╭─ Entries provided

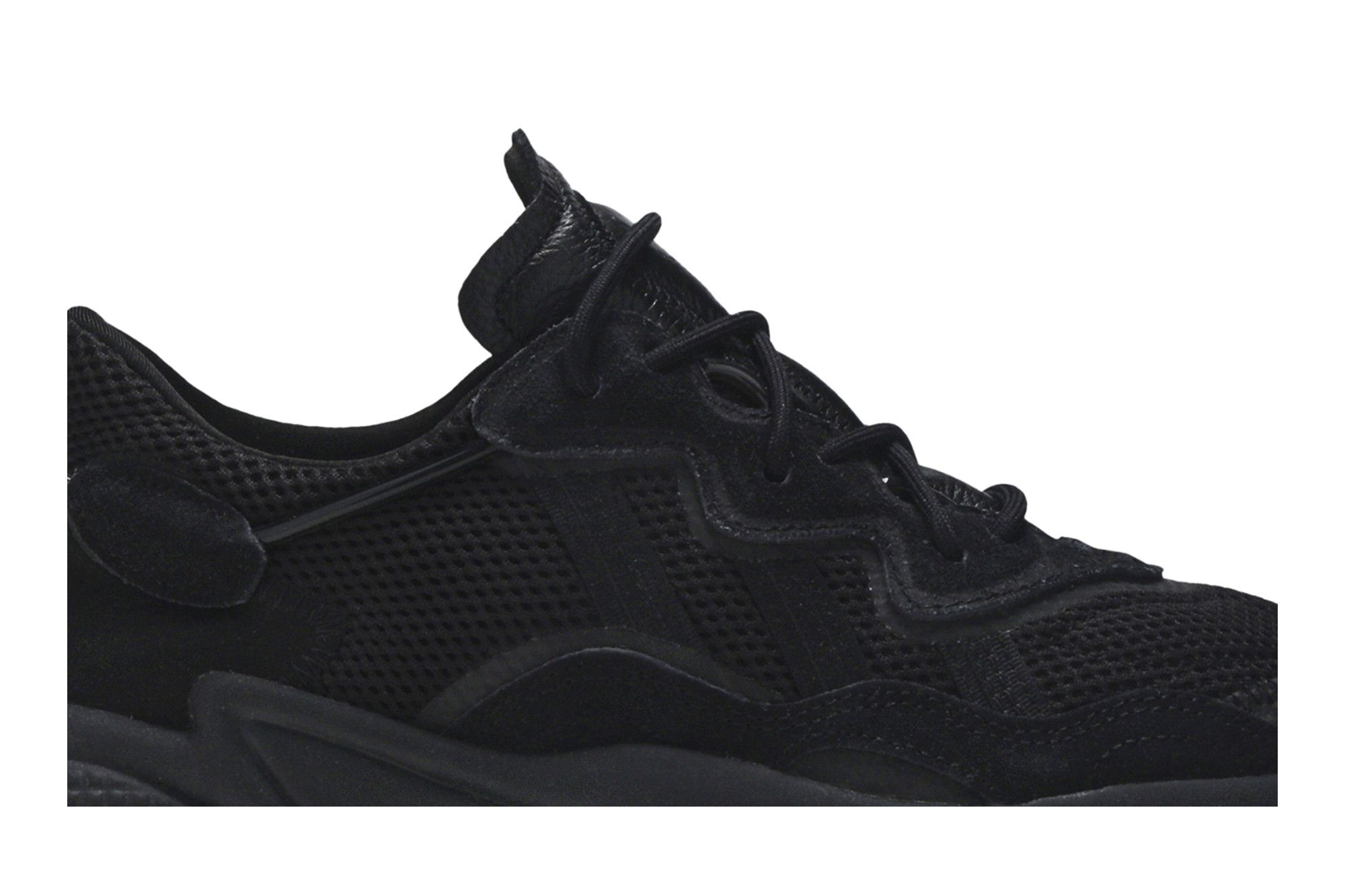 Buy Ozweego Black Carbon EE6999 GOAT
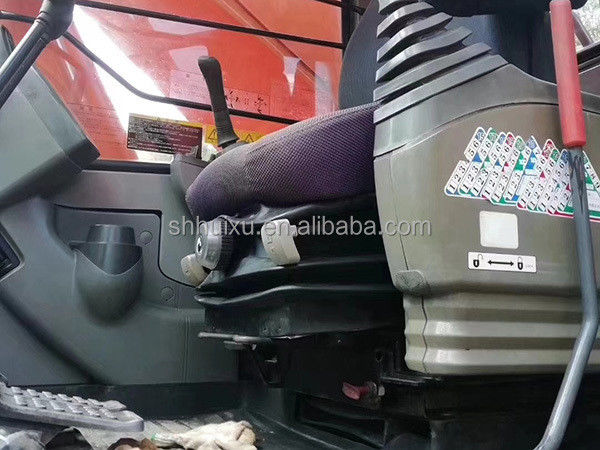 Hitachi  hot sale Second hand large Crawler Excavator HITACHI 650 good condition Used digging machine Japanese for sale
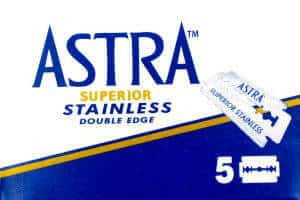 ASTRA - Superior Stainless (India)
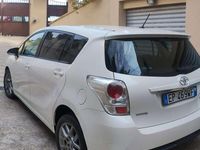 Usata Toyota Verso Active 124 CV (91 kW) 2013 Monovolume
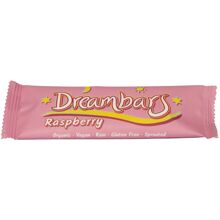 Dreambars Raspberry 35 gram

╰─

- **Exercise aim**:
Each line of the listing above should be retyped exactly, with no pictures.

- **Response area**:
 Buy Ozweego Black Carbon EE6999 GOAT
 Hitachi  hot sale Second hand large Crawler Excavator HITACHI 650 good condition Used digging machine Japanese for sale
 ASTRA - Superior Stainless (India)
 Usata Toyota Verso Active 124 CV (91 kW) 2013 Monovolume
 Dreambars Raspberry 35 gram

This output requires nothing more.